Joel and Ethan Coen have entertained film audiences for over 35 years by exploring the dark psyche of man in a wide variety of features that often come with a quirky and humorous bite, which has become the duo’s signature style. Barton Fink, a notable but sometimes overlooked early entry in their filmography, is out now on Blu-ray from Umbrella Entertainment.
John Turturro stars as the titular lead, a humble writer for the common man, who has just made it big on Broadway with a hit play, one that reflects the social mood among the working class as opposed to telling tall tales. As fate would have it, Hollywood has come knocking with a lucrative offer to write for the big screen. Fink reluctancy takes the job with his first script to be for an upcoming wrestling picture.
Barton Fink is not overtly dramatic nor comedic, which isn’t unusual for the Coen’s, but I think it’s one of their strangest films, even edging towards horror with a number of visual nuances that are disturbing in retrospect. The creative vacuum of the Hollywood machine is portrayed as soul-crushing, or maybe consuming is the more appropriate word, as Fink’s devotion to his craft means very little in a business with its own ideas, where the executives only want to hear broad strokes. Between staring at his trusty Underwood typewriter (an intimating site for writers like myself whose masters are auto-correct and Grammarly) our fish-out-of-water meets an interesting assortment of individuals. Next door neighbour, Charlie Meadows (John Goodman), an insurance salesman, makes good company for Fink as the two bond over the regularness of life from inside their drab and unbearably hot hotel.
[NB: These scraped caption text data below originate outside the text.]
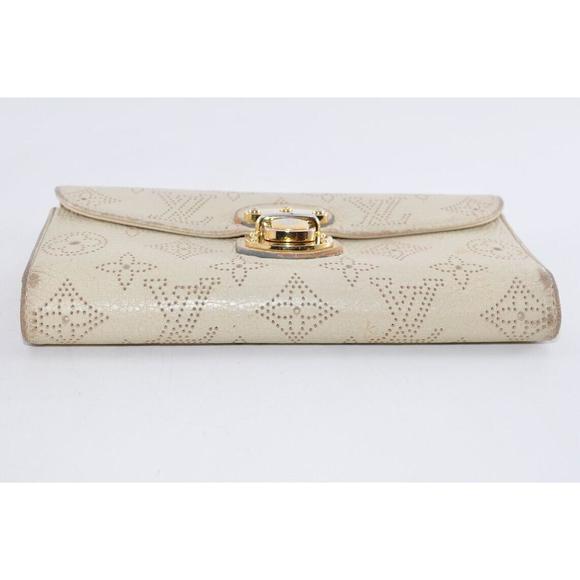 Louis Vuitton Lv Mahina Portefeuille #89099L70 - Picture 6 of 11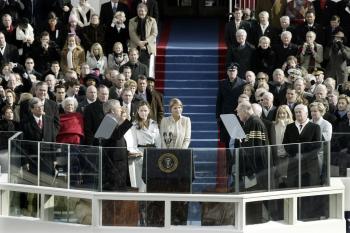 En su discurso, con numerosas menciones a Dios y a la Biblia, Bush pidió a los estadounidenses que participen en la tarea 'idealista' de mejorar el país y llevar la libertad al mundo, tanto dentro del Gobierno como de las Fuerzas Armadas 'en la lucha contra nuestros enemigos'.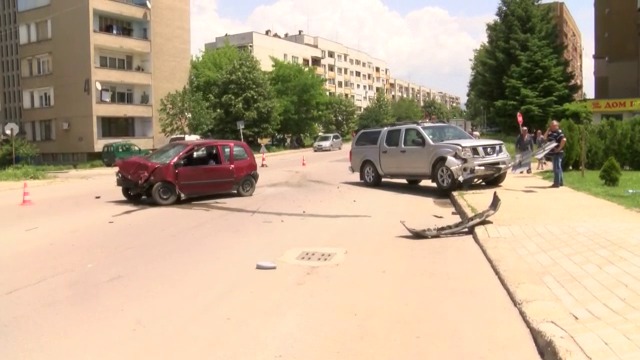 Три жени в болница след катастрофа в Казанлък (Видео)
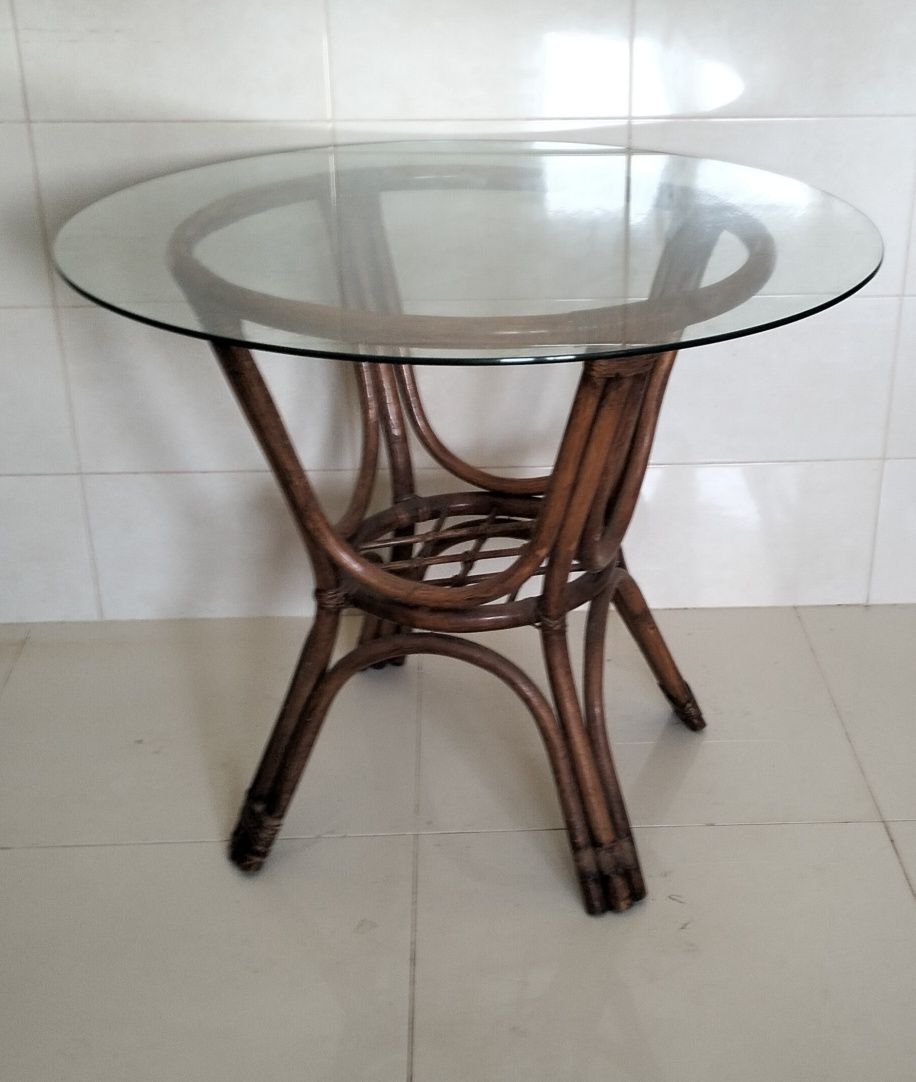 Mesa tampo vidro e pés em bambu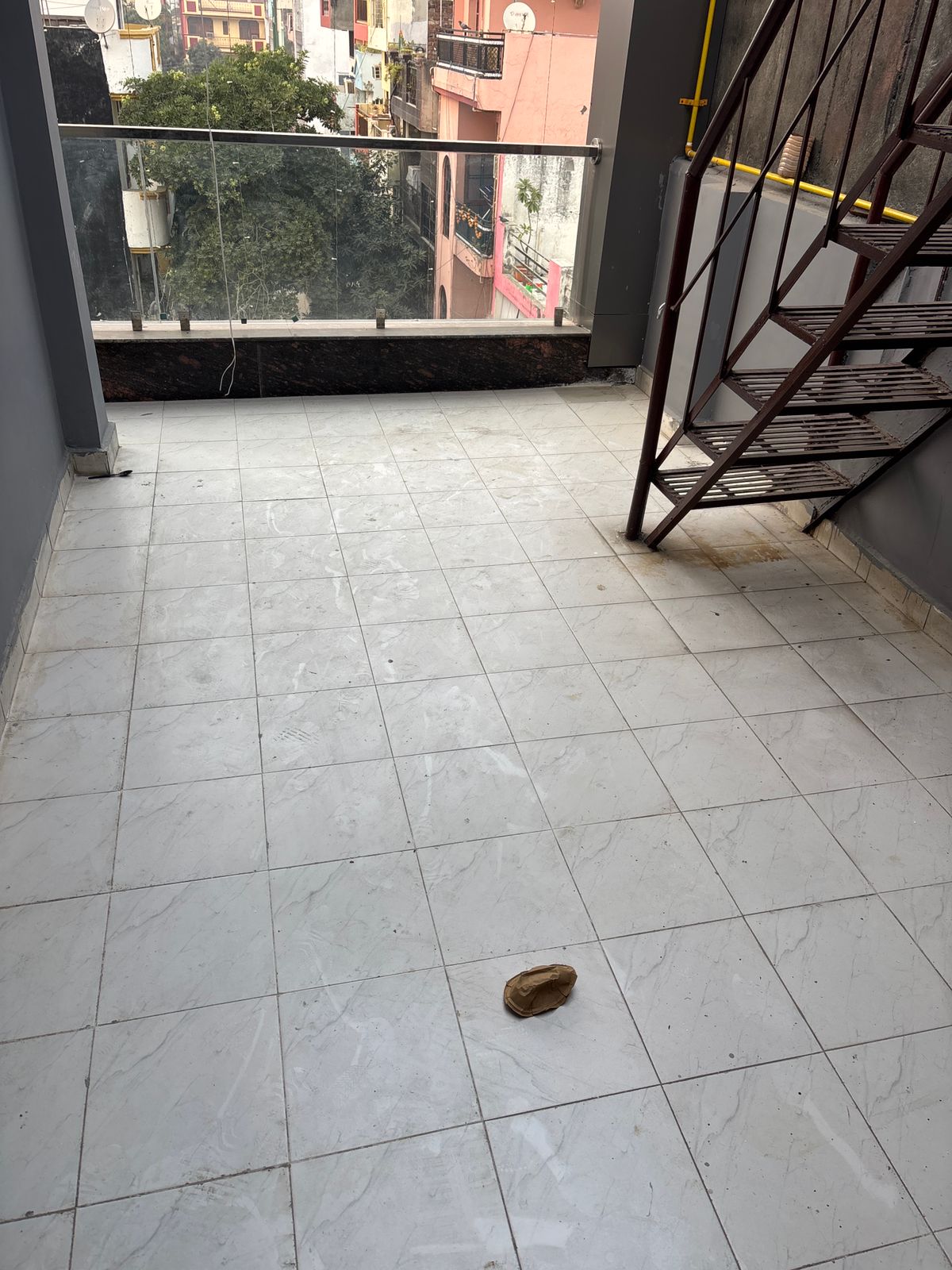 Sector 13, Vasundhara, Ghaziabad : 1BHK Semi Furnished Flat For Rent in Vasundhara, Ghaziabad 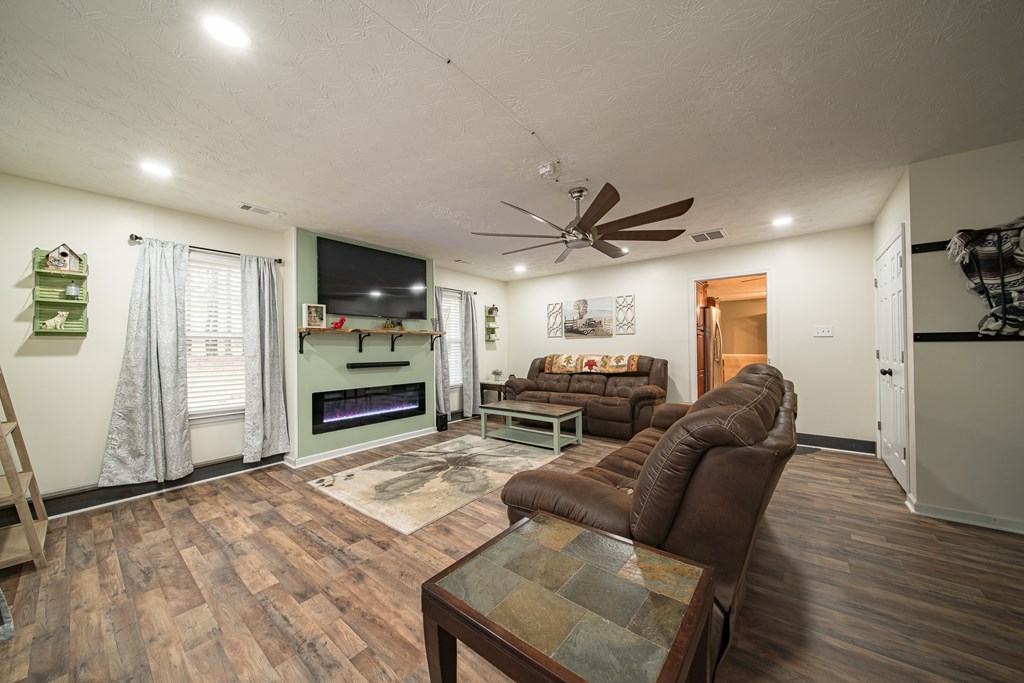 679 Grant Road Cataula, GA 31804 - Photo 6 of 38 Gallery Image 6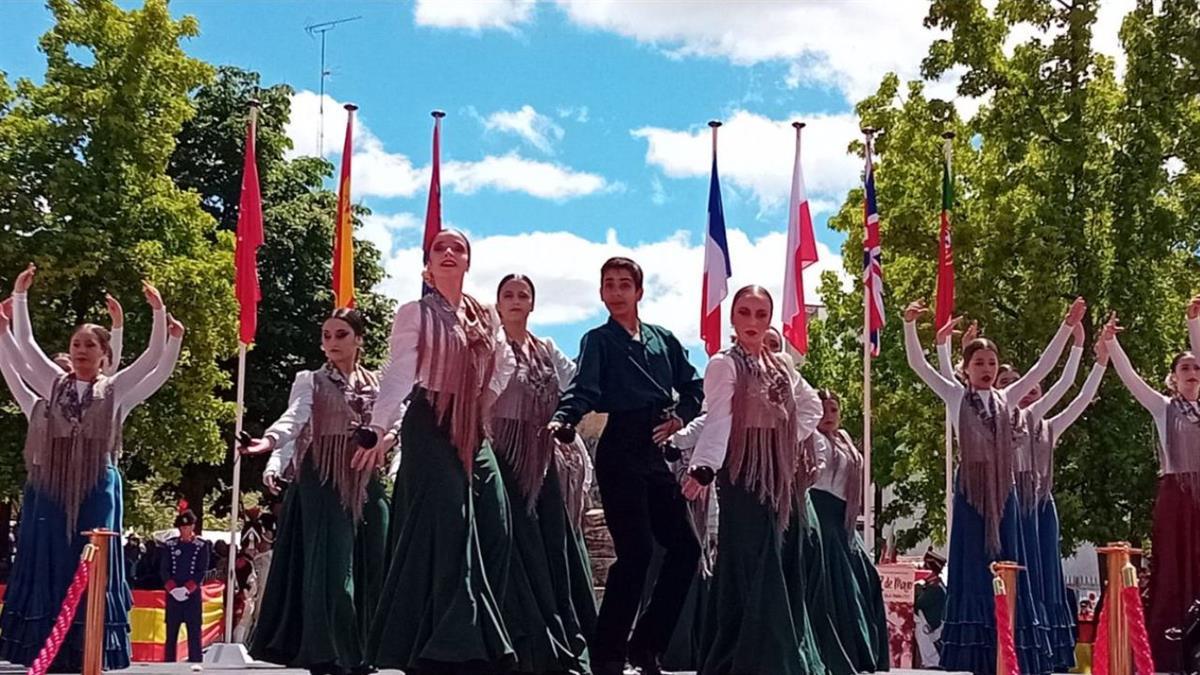 Supone un acercamiento a estilos como ballet, baile moderno o flamenco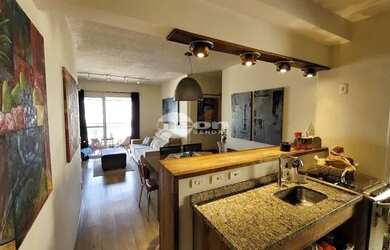 Imagem: O apartamento possui 3 Dormitórios, 1 Banheiro, 2 Vagas na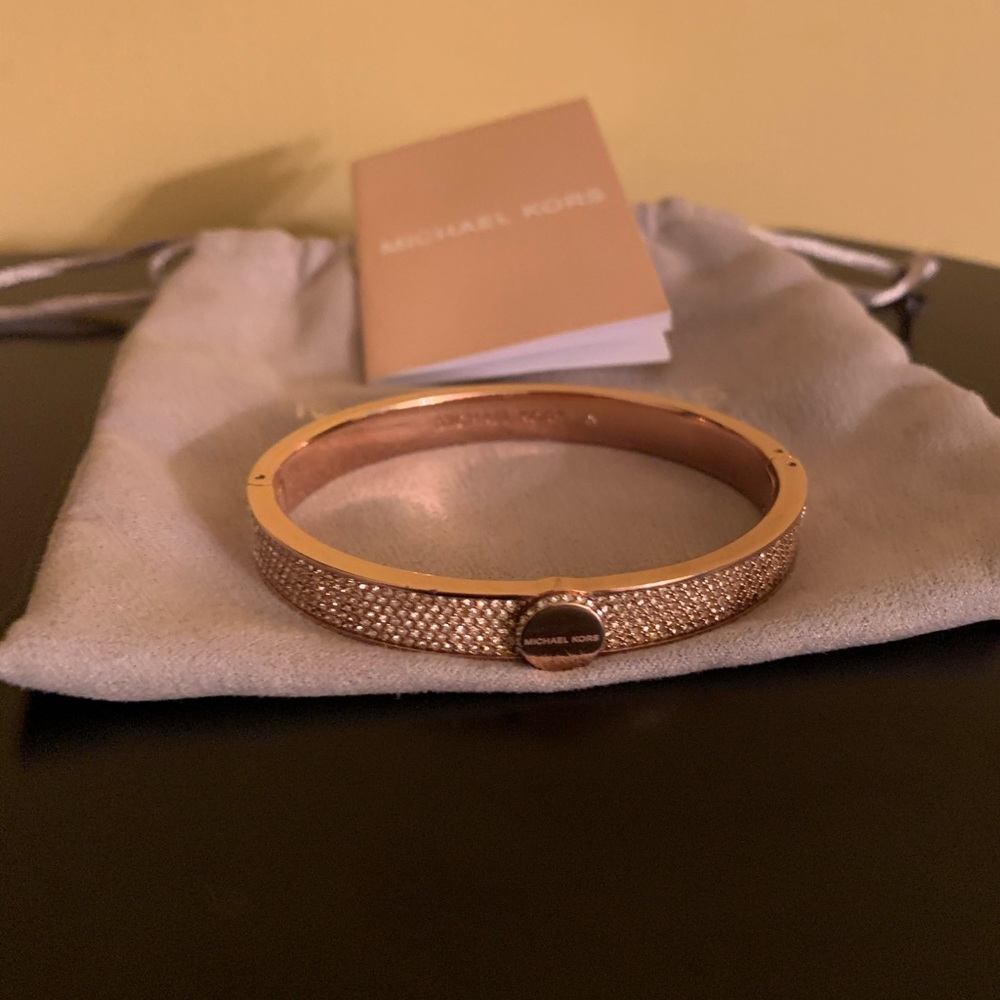Michael Kors Gold Bangle Bracelet BRAND NEW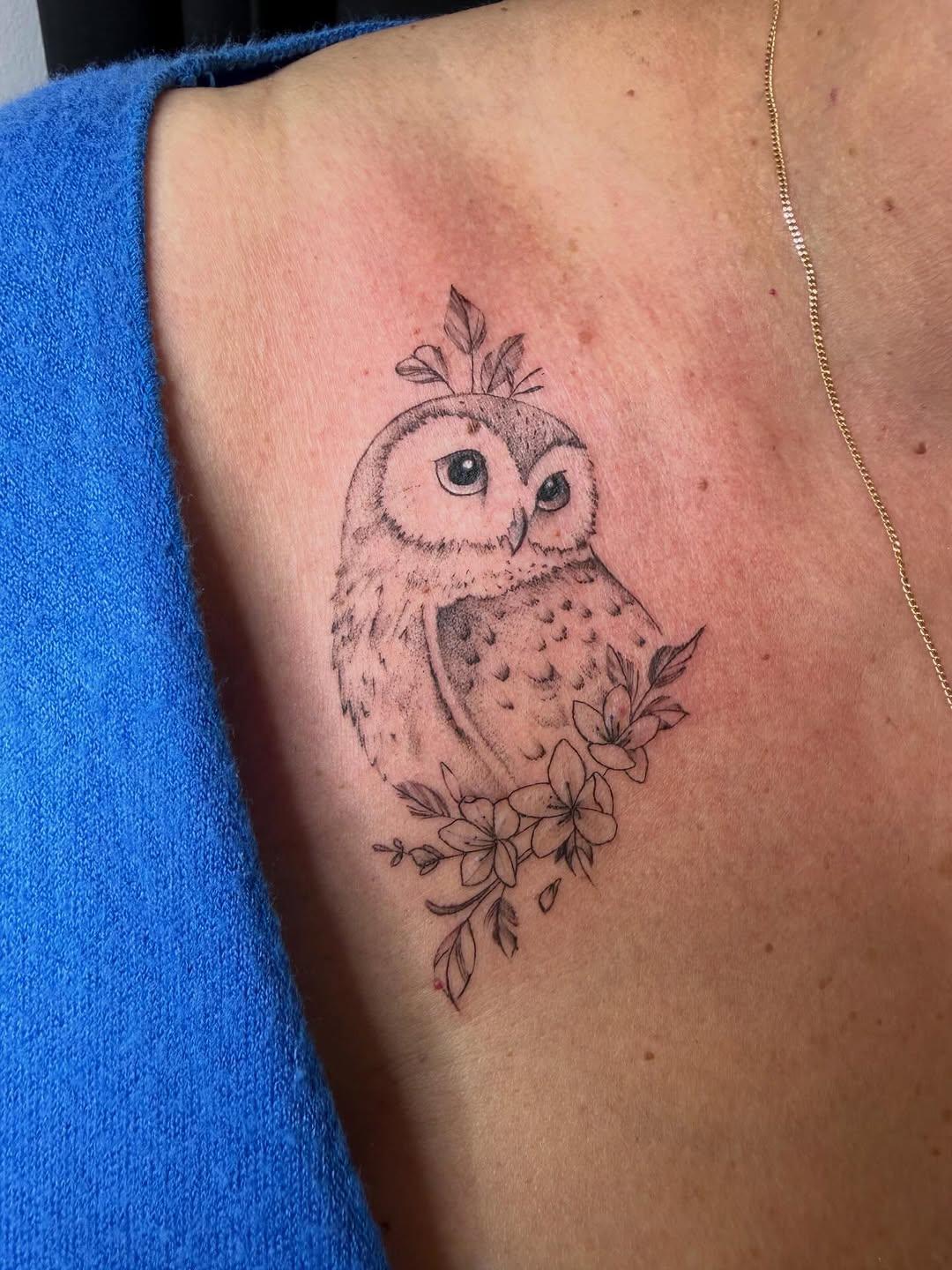 Chouette fine line — lulu.tattooart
W.P. Mayhew, an admired novelist played by John Mahoney, represents what might become of Fink should he succumb to the industry and abandon his aspirations. However, Mayhew’s long-suffering wife Audrey, played by Judy Davis, tries to help Fink out of his creative slump. With his aggressively fast-talking producer, Ben Geisler (Tony Shalhoub) bearing down for material and the blind faith instilled by the boisterous studio boss, Jack Lipnick (Michael Lerner), the pressure to deliver takes its toll on our protagonist. The increasingly bizarre nature and sudden plot twists have Fink questioning his reality in this personal hell. Performances from practically everyone are first-rate, especially Turturro and Goodman, who are both perfect examples of the eccentricity the Coens give many of their leading and supporting characters.
VIDEO AND AUDIO
Umbrella’s release of Barton Fink is a re-issue of the 2011 edition put out by Universal, although, the menu screen has not carried over in favour of increased viability, butchapter breaks are thankfully still in place. Presented in 1.85:1 widescreen, the image is quite sharp, perhaps a little too much and edge enhancements are very noticeable throughout, which is a tell-tale sign of a dated transfer. Darker scenes display quite a bit of noise, but colours overall are very strong, helping to enhance the Coen’s very visual style of storytelling. The disc’s 2.0 DTS-HD track is very robust in volume and comes through quite clear, allowing the slightest of audible details to be heard, that at times are significant to our struggling writer’s experience.
I’m not sure I understand Barton Fink entirely, but I think I’m safe in saying that it’s a story about the death of dreams or a metaphor for creative purgatory. Needless to say, it’s a movie you’ll probably need to see more than once, even to just examine the stunning and rather telling cinematography by Roger Deakins.